Lamentation has been praised highly since its premiere. In 1930, the critic for Dance Magazine described the work as "a statuesque composition, which relied for much of its eloquence upon an ingenious and simple costume arrangement." After seeing a later performance, the Philadelphia Records critic wrote, "When Miss Graham in her Lamentation depicts the dumb agony of grief she does not droop like a flower or attitudinize like Patience on a monument, she is grief from the first stricken bewildered gropings of her head and torso to the last moment when she averts her covered head with a finality that is pitiful and terrible."

== Critical analysis ==

Graham, her followers and critics have discussed Lamentation at length. It is one of the last dances made during what Graham referred to as her "long woolens" period, early works for which she costumed herself and female troupe members in stretch jersey.

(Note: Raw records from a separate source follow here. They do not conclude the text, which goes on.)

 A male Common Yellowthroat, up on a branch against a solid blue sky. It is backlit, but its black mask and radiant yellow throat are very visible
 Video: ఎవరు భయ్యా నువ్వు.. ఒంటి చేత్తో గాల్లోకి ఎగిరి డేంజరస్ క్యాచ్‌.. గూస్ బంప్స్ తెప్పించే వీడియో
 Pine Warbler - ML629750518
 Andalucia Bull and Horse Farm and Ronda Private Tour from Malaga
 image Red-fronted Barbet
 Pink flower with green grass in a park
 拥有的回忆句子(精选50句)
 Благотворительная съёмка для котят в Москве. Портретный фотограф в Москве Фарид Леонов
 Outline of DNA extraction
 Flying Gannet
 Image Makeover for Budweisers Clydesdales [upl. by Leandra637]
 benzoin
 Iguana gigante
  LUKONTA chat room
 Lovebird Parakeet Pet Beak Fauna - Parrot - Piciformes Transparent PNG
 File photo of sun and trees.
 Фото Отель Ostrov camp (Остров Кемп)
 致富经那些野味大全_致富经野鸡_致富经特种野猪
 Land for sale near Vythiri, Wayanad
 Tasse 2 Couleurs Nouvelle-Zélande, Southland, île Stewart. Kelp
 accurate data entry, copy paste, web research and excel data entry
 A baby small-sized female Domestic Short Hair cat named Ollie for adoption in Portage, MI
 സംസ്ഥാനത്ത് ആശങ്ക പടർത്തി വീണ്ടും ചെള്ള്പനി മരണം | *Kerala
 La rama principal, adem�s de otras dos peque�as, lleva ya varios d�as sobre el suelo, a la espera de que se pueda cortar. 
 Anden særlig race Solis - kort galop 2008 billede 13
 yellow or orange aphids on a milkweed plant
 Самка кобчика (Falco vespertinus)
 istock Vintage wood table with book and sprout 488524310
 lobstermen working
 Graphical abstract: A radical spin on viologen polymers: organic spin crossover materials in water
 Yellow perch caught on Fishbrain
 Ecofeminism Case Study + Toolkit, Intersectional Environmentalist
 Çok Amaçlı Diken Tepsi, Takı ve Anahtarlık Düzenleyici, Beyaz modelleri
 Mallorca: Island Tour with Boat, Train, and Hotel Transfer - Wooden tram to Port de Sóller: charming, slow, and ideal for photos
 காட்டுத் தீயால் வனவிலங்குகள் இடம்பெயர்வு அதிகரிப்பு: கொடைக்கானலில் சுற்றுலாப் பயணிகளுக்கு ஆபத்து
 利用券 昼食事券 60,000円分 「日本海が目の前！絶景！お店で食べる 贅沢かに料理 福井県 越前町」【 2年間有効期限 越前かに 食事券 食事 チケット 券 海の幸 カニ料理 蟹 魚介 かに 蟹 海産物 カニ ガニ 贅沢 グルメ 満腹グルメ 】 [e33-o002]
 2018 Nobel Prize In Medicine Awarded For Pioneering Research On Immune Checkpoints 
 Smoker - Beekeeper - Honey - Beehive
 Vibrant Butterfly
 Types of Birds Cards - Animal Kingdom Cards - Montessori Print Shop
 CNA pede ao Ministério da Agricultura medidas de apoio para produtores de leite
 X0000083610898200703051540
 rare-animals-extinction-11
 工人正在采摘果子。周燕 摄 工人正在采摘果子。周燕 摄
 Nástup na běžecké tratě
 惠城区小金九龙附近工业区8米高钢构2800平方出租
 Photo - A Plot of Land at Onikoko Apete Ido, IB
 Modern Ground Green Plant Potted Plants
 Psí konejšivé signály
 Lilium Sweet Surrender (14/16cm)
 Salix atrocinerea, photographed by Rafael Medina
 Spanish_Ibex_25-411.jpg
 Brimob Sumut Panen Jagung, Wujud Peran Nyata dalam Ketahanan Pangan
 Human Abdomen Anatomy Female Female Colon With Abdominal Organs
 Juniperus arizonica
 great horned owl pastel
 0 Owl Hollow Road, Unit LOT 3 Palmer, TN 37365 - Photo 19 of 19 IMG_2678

Graham scholars place the piece within her oeuvre of psychological expressionist ballets alongside Errand into the Maze, Night Journey, Dark Meadow and others.

Lamentation has been characterized as a total break with the conventions of dance at the time. Critic Marcia Siegel wrote, "Our idea of dancing includes some picture of a person on his feet." Not only is the work performed sitting down, the soloist is shrouded in constraining garb that not only limits her movements, but also hides her body from the audience. "What she achieved by restricting herself in this fashion was an unnaturally intense concentration on the body's dynamics."It's not just that she makes herself into an odd shape, but the minute she starts to move, the tube gets pulled into diagonals that cross the center of her body; as she tugs asymmetrically in opposition to the rounded forms of her back, her head, her arching rib cage, the jersey converts the energy of stress and distortion into visible shapes and lines."

Graham's inspiration for the piece reportedly came from the Old Testament Book of Lamentations, which begins "How doth the city sit solitary, that was full of people! How is she become as a widow." The work may also include New Testament references. The lone shrouded female figure bathed in blue stage lighting has been interpreted as a holy person, perhaps the Virgin Mary as Mater Dolorosa.

To dance writer Helen Thomas, the solo has a maternal quality that suggests "the struggle of birth" for both mother and child. As the dancer rocks and twists with knees apart, her arms and legs strain against the fabric to resemble fetal movement within a pregnant belly. She "is also the child being born: her limbs are encased in an elastic sheath; they push and stretch outward, straining toward release, with only the head visible."

== Performance history ==

Lamentation is one of a handful of early works that have remained in the Martha Graham Dance Company repertoire. Troupe members who have appeared in the piece include Janet Eilber, Christine Dakin, Terese Capucilli, Peggy Lyman, Joyce Herring, Katherine Crockett, Natasha M. Diamond-Walker and PeiJu Chien-Pott. Films of Graham performing were made in the 1930s, exact date unknown, and in 1943. A film of Peggy Lyman performing with an introduction by Graham was made for television in 1976. Ms. Diamond-Walker's performance was broadcast by New York City Center on October 21, 2020, remaining accessible through November 1, 2020.